ABOUT THIS EXERCISE. Pictures are to be left out; every line from the one with "captivating, an ultra" through the end of the data must be transcribed exactly.
"""
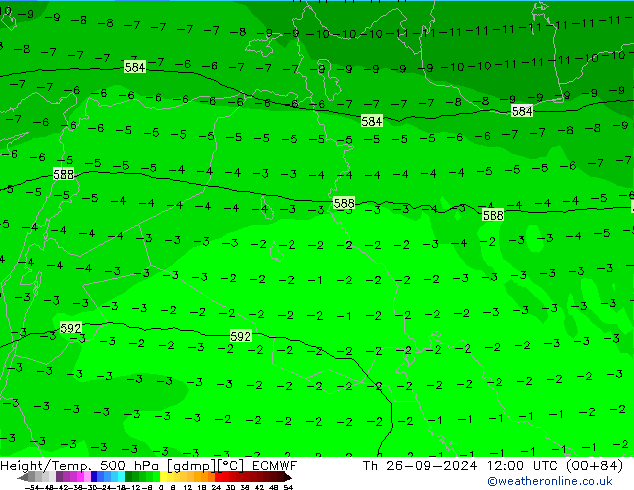 Géop./Temp. 500 hPa ECMWF jeu 26.09.2024 12 UTC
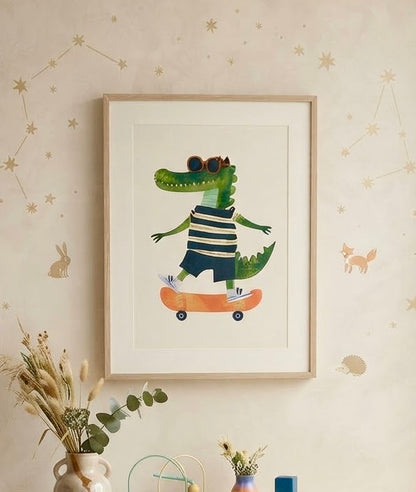 Gros plan sur l'impression et le papier de l'affiche Crocodile en Skate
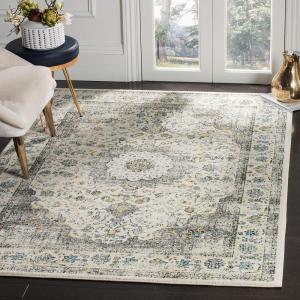 SAFAVIEH Area Rug 8×10 – Evoke Collection – Large – Ivory & Blue, Shabby Chic Oriental Medallion Design, Non-Shedding & Easy to Clean, Ideal for Living Room, Bedroom, Dining Space (EVK220C)(Grey/Gold)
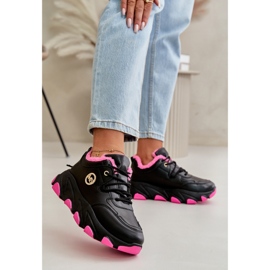 Chaussures De Sport Isolées À Lacets Pour Femmes Sur Plateforme Noir Blanc le noir 2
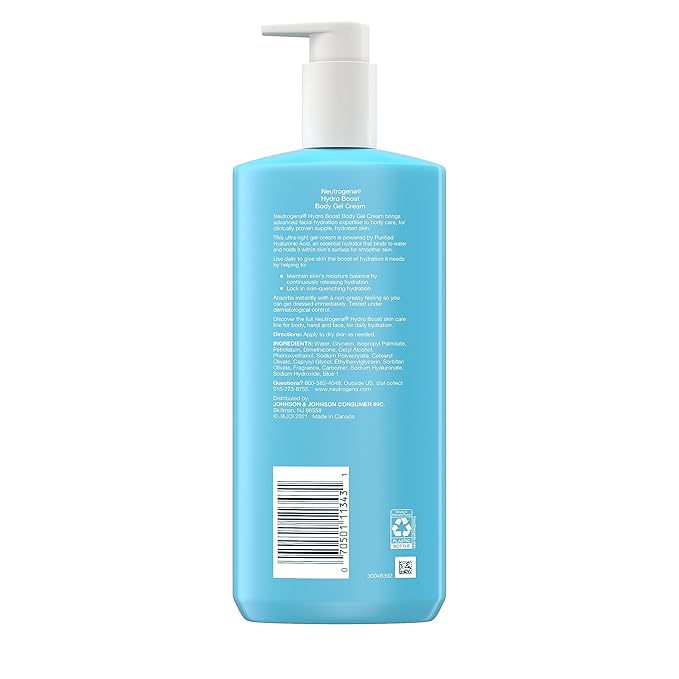 Neutrogena Hydro Boost Body Gel Cream, Hydrating Body Lotion with Hyaluronic Acid for Normal to Dry Skin, Hyaluronic Acid Lightweight Moisturizer, 16 oz, 2 Pack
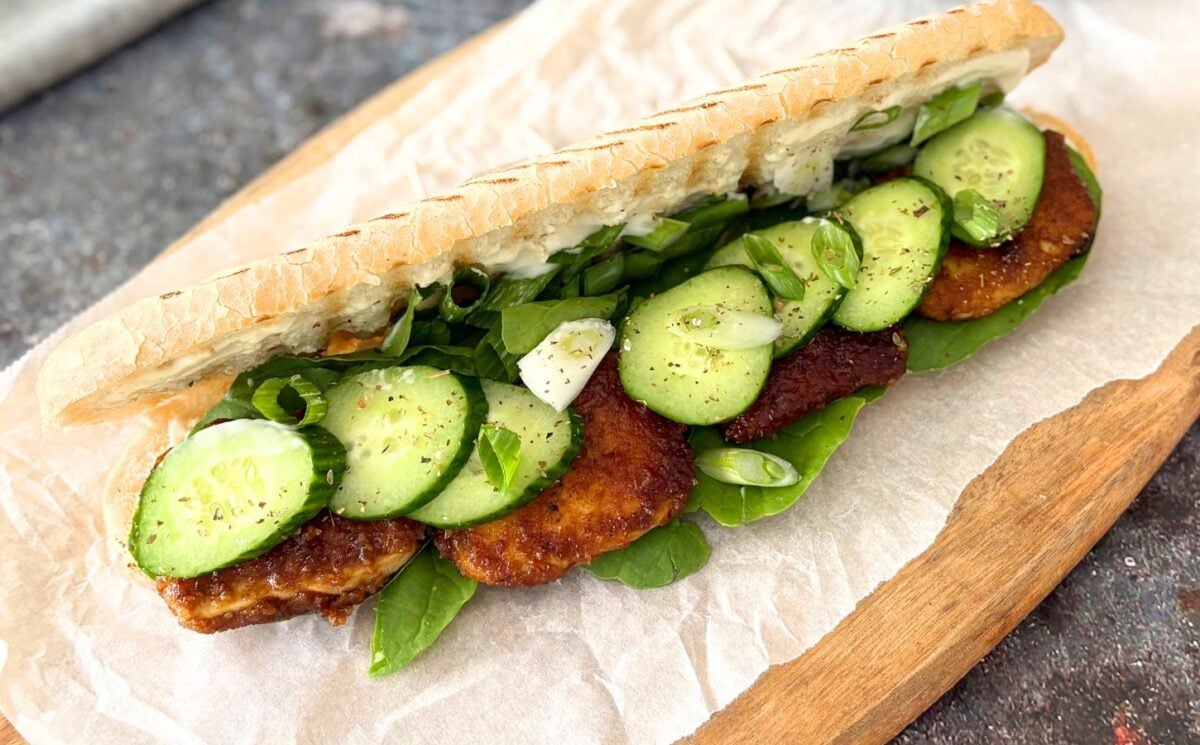 A fiery tofu sandwich, the perfect vegan lunch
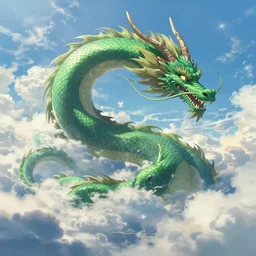 captivating, an ultra - detailed beautiful photo of enormous green sky dragon made of clouds, view from below, wide, by conrad roset, greg rutkowski and makoto shinkai trending on artstation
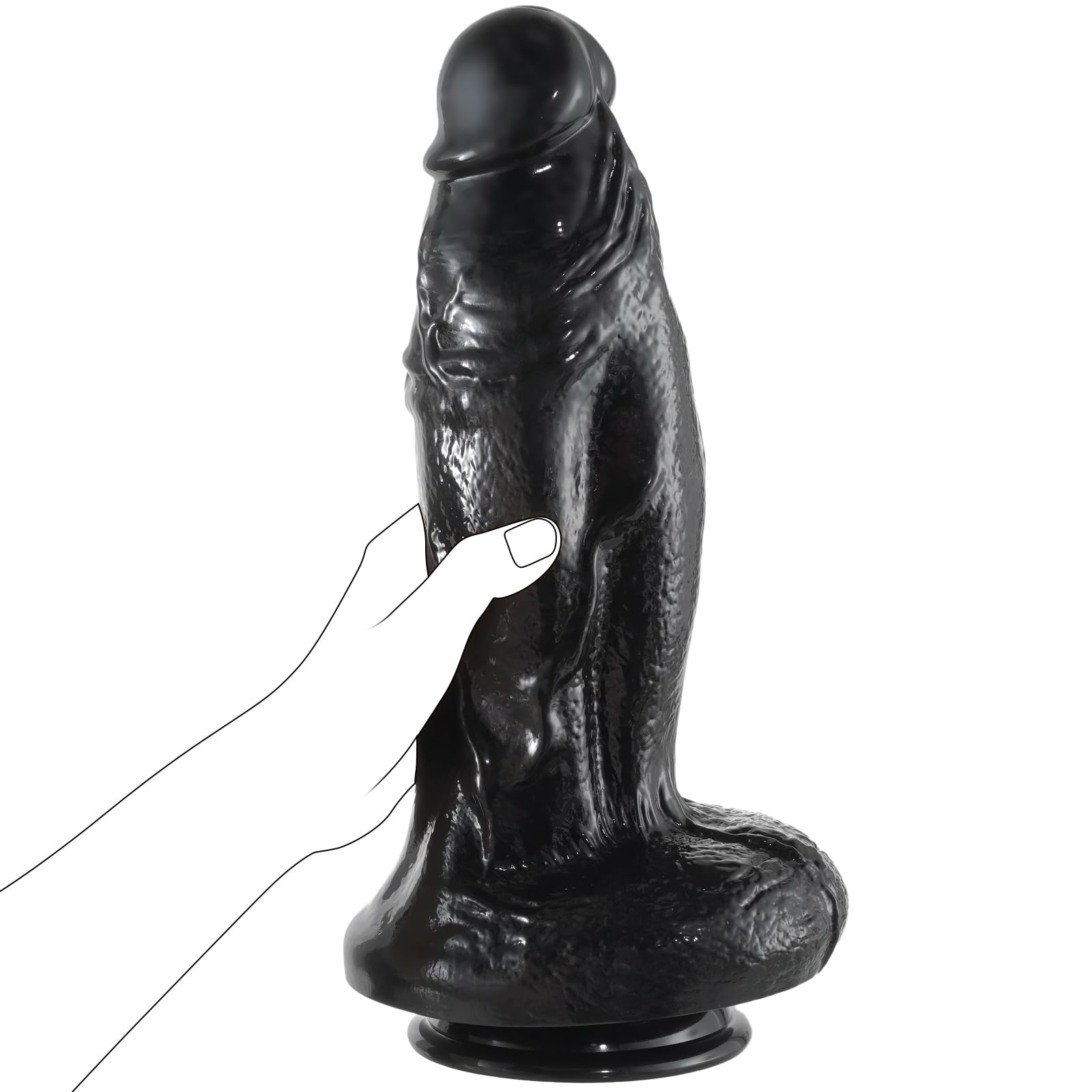 Dildo nero realistico da 33 cm, diametro 8 cm, enorme dildo spesso per stimolazione del punto G, con forte ventosa per funzionamento a mani libere, grande pene gigante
"""
RESPONSE BELOW.
 captivating, an ultra - detailed beautiful photo of enormous green sky dragon made of clouds, view from below, wide, by conrad roset, greg rutkowski and makoto shinkai trending on artstation
 Dildo nero realistico da 33 cm, diametro 8 cm, enorme dildo spesso per stimolazione del punto G, con forte ventosa per funzionamento a mani libere, grande pene gigante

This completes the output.